Posts Tagged ‘Box Car Poetry Review’

Mystery in Derek Henderson’s “The Road Along St. Jude’s”

Wednesday, May 21st, 2008

In Boxcar Poetry Review’s May 2008 issue, Derek Henderson’s “The Road Along St. Jude’s” stands out for its development and defense of mystery. The poem begins with and builds on a mystery the mystery of what emerges “[o]ut of my lungs” and then travels over “backroad and gravel”. With the patron saint of lost causes in the title, this reader at least can imagine heavy phlegm or the blood brought up by that once-poetic killer we now call tuberculosis or by the vulgarly familiar TB but the strength of the title’s suggestion of travel also creates the idea of a person emerging from the lungs, perhaps in fact the speaker.

Dwelling in this mystery with the reader along for the ride (whether kicking and screaming or enjoying the vicarious negative capability depends, of course, on the individual’s preferences) Henderson writes the erstwhile lung-dweller to “Crossed curves” that it perhaps travels “over”. The nature of these crossed curves themselves is uncertain. They could be roads that turn away from an intersection rather than continuing straight, or perhaps “Crossed” should be taken as a verb. Though this seems unlikely given the tenses of other verbs in the poem, the first-time reader will not see any of these until after the nearby comma, so it remains a reasonable possibility for at least half a breath. Another possibility picks up the religious theme of the title: the phrase could describe a Celtic cross.

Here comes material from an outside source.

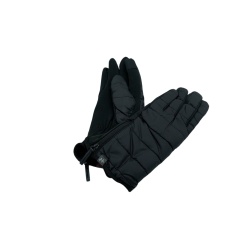 Ladies Gloves Fur Lined w/Zip Black Hot Paws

This possibility connects the first stanza with the last:

You want to paint my
God that leavens the tree
Failing—again, falling—into a church

God leavening the tree suggests growth but also draws in echoes of the Passover holiday when (human-made) leavening is not allowed, while the last line suggests the felix culpa: the Church only exists because of original sin, and falling into a church brings up all sorts of redemption narratives. A Latin phrase may conjure up associations with the Roman Catholic Church, though this effect will be at least mitigated for readers who recognize its origin in Horace. Indeed, this problematic religiosity supports a reading of the final stanza as a protest against those who want to paint God, and by extension, the mystery the poem begins with in any particular concrete way.

The middle stanzas also substantiate this meaning as phrases and incomplete unpunctuated sentences suggest heteroglossia. This part of the poem appeals less to me, however, as it seems only to provide a supported resting place for the mystery rather than building and defending it.